[Task objective] Would you copy only the lines below, from the one containing "this 800×450 image." through the very last one, leaving the pictures out?

[Given data]
=== Begin Enclosure ===
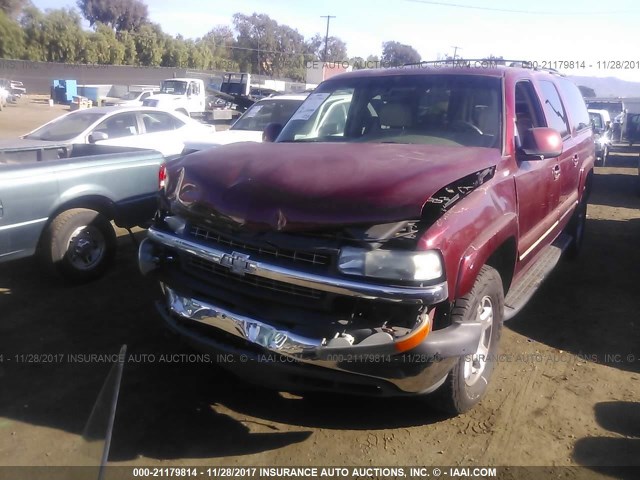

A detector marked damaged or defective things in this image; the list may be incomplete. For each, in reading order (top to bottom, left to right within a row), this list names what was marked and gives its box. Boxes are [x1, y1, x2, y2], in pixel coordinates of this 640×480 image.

crushed hood [165, 141, 500, 231]
damaged red suv [140, 63, 596, 414]
cracked headlight [338, 248, 442, 282]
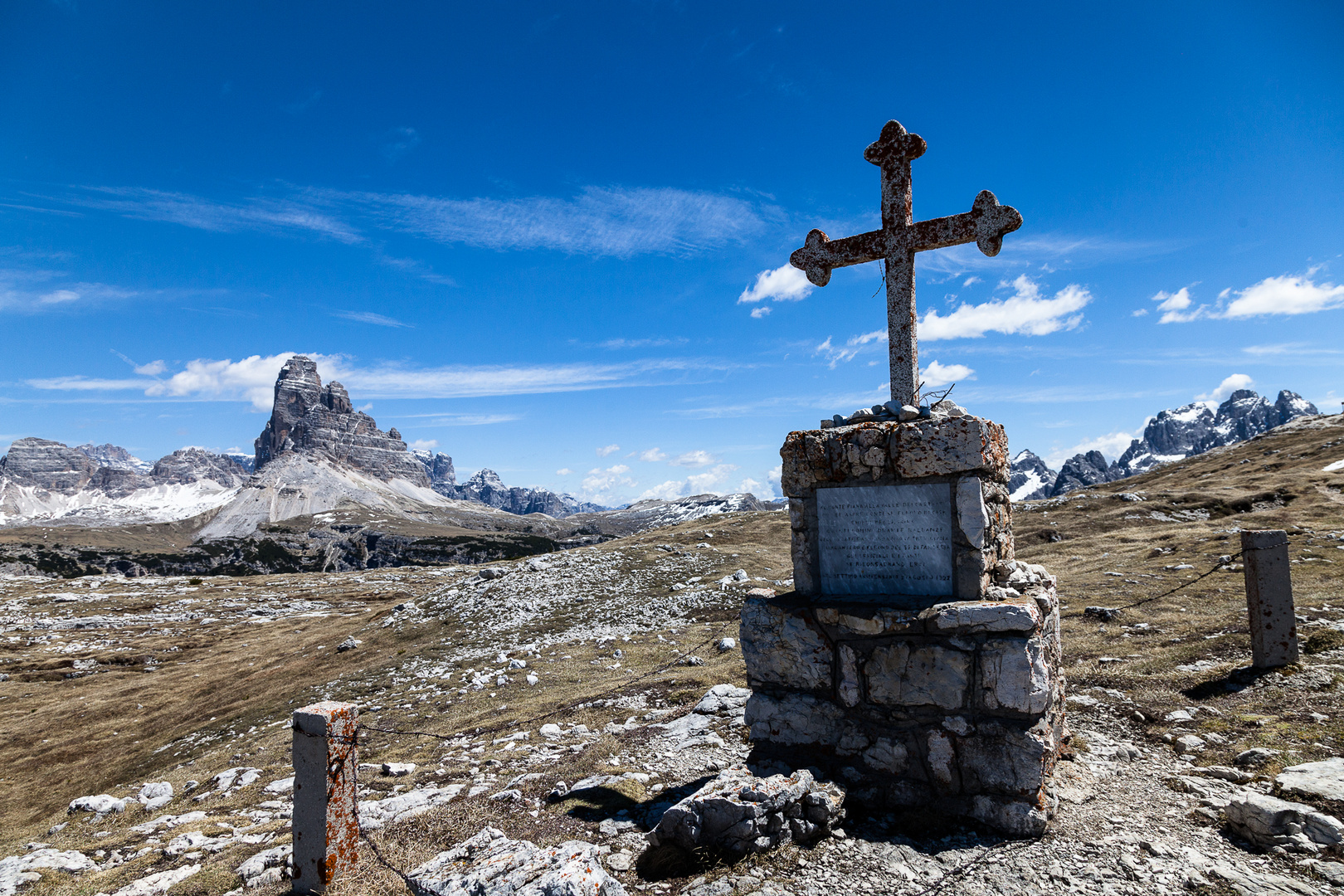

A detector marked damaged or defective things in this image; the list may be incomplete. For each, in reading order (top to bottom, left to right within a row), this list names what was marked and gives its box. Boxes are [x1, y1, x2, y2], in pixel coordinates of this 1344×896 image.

rusty metal post [1241, 528, 1295, 669]
rusty metal post [293, 704, 360, 892]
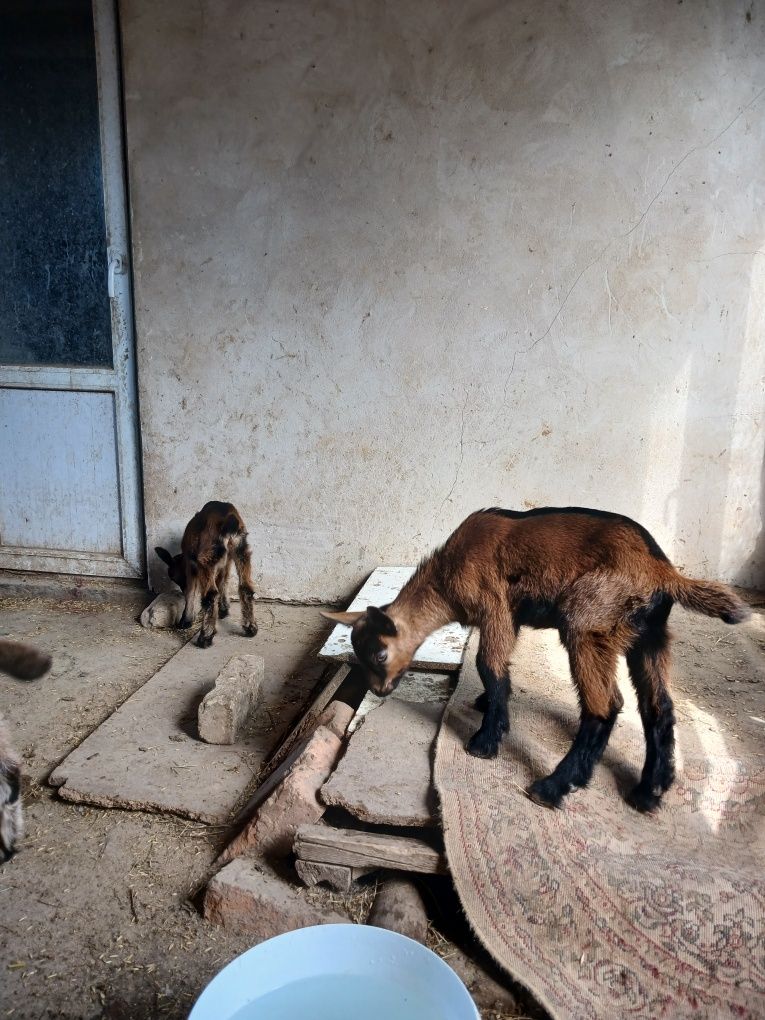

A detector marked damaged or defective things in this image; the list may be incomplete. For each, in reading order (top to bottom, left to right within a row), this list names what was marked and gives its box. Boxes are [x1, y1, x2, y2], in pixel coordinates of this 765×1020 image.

cracked plaster wall [121, 1, 765, 595]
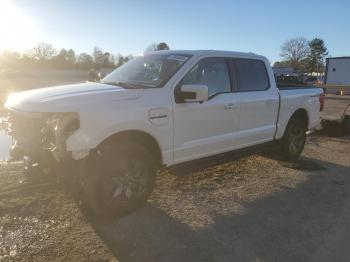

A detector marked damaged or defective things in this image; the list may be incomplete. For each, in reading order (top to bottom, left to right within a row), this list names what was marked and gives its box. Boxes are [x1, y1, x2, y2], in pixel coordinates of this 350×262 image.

crumpled hood [4, 82, 144, 112]
damaged front end [3, 109, 82, 175]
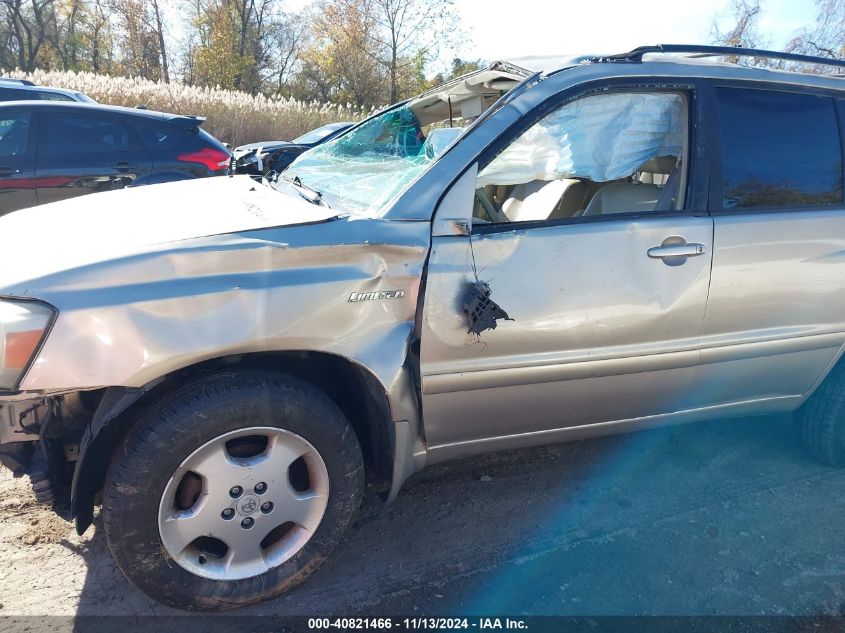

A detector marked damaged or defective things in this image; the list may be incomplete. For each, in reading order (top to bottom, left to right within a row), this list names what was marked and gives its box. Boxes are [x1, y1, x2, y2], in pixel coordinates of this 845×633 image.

shattered windshield [280, 107, 442, 216]
crumpled hood [0, 174, 336, 296]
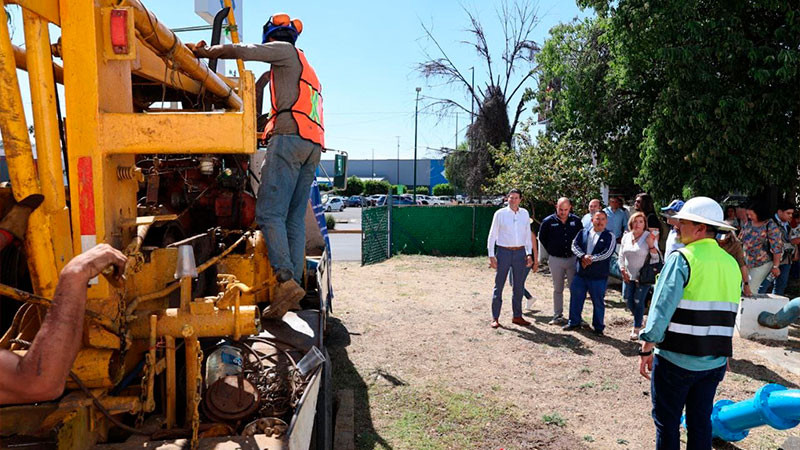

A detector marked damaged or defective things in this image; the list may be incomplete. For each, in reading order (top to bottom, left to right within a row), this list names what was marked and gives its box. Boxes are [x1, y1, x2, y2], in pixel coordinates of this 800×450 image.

rusty machinery [0, 1, 330, 448]
rusty pipe [115, 0, 241, 110]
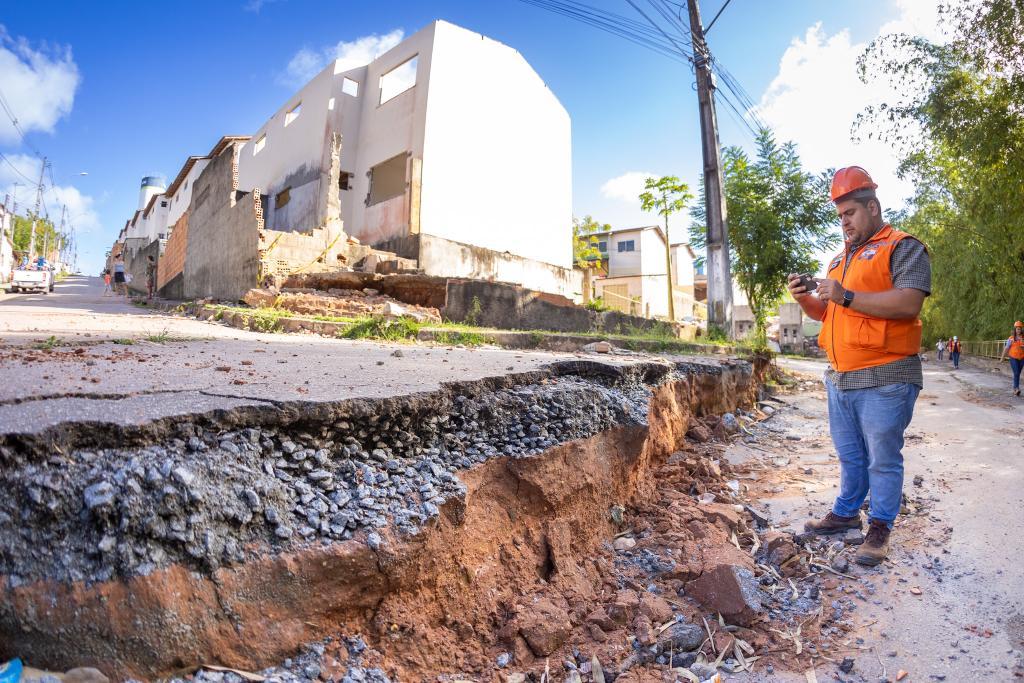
=== End Enclosure ===
[Expected answer]
A detector marked damaged or defective things in this image; the list may be incomplete. For each, in reading order (top to bottom, left to right within a row), this list names what was marked and gives its box. Boxes are [x1, y1, x2, y2], in pixel coordinates of this 800×450 image.

rusty machinery [0, 1, 330, 448]
rusty pipe [115, 0, 241, 110]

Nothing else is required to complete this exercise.